### [MATERIAL SUPPLIED]
******

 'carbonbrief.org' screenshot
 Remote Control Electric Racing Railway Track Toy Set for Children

******

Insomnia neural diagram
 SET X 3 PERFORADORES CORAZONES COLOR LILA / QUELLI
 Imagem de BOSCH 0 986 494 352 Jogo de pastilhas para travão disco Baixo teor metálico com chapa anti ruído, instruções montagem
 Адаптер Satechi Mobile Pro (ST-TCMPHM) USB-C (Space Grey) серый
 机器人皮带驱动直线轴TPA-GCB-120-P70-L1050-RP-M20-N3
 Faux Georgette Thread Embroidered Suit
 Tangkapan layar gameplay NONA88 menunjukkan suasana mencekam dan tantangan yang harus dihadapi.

******

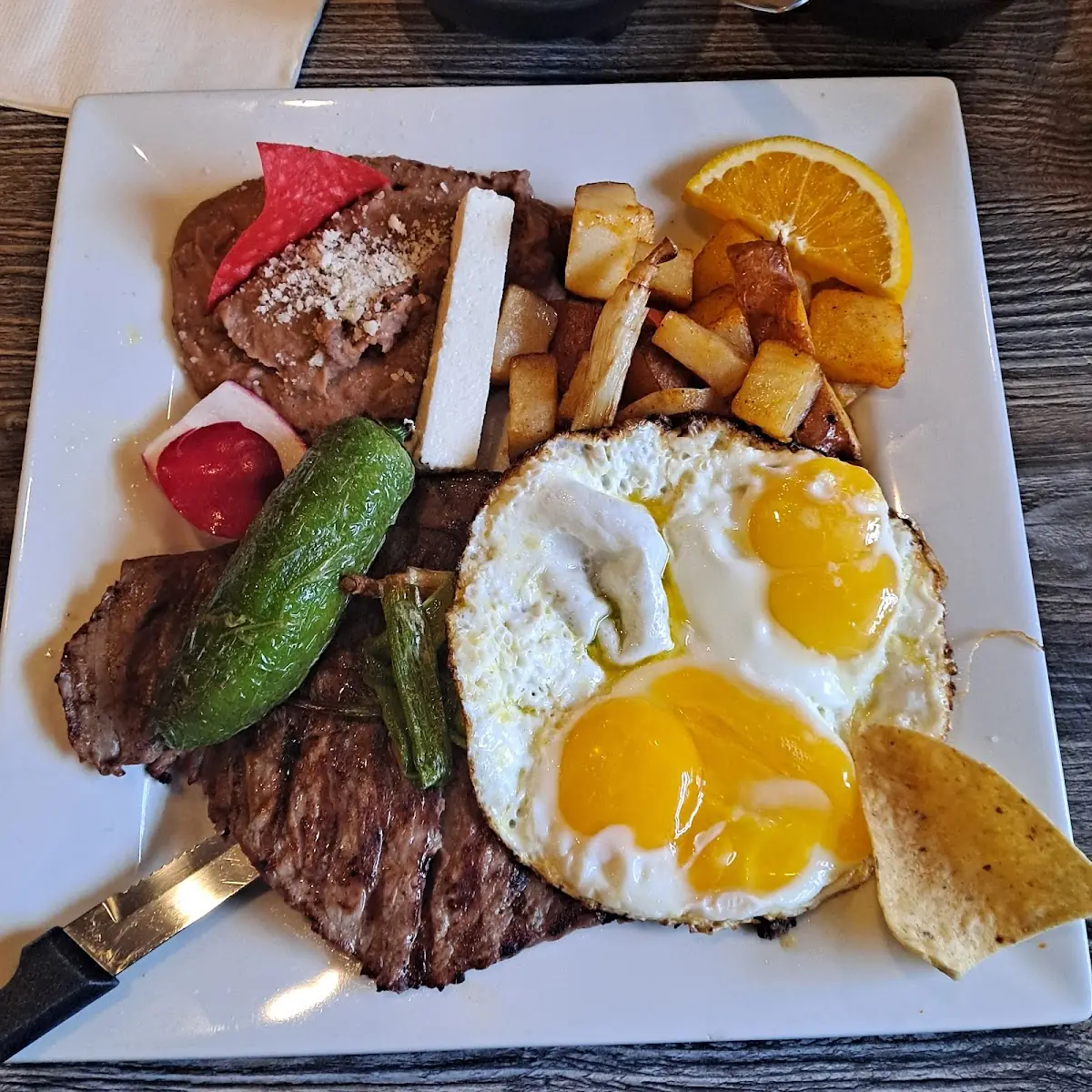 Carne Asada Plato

******

### [ASSIGNMENT]
In the listing above, find the line with "Адаптер Satechi Mobile" and the line with "Tangkapan layar gameplay"; output exactly those lines and all lines between them.

### [RESULT FOR THIS EXERCISE]
 Адаптер Satechi Mobile Pro (ST-TCMPHM) USB-C (Space Grey) серый
 机器人皮带驱动直线轴TPA-GCB-120-P70-L1050-RP-M20-N3
 Faux Georgette Thread Embroidered Suit
 Tangkapan layar gameplay NONA88 menunjukkan suasana mencekam dan tantangan yang harus dihadapi.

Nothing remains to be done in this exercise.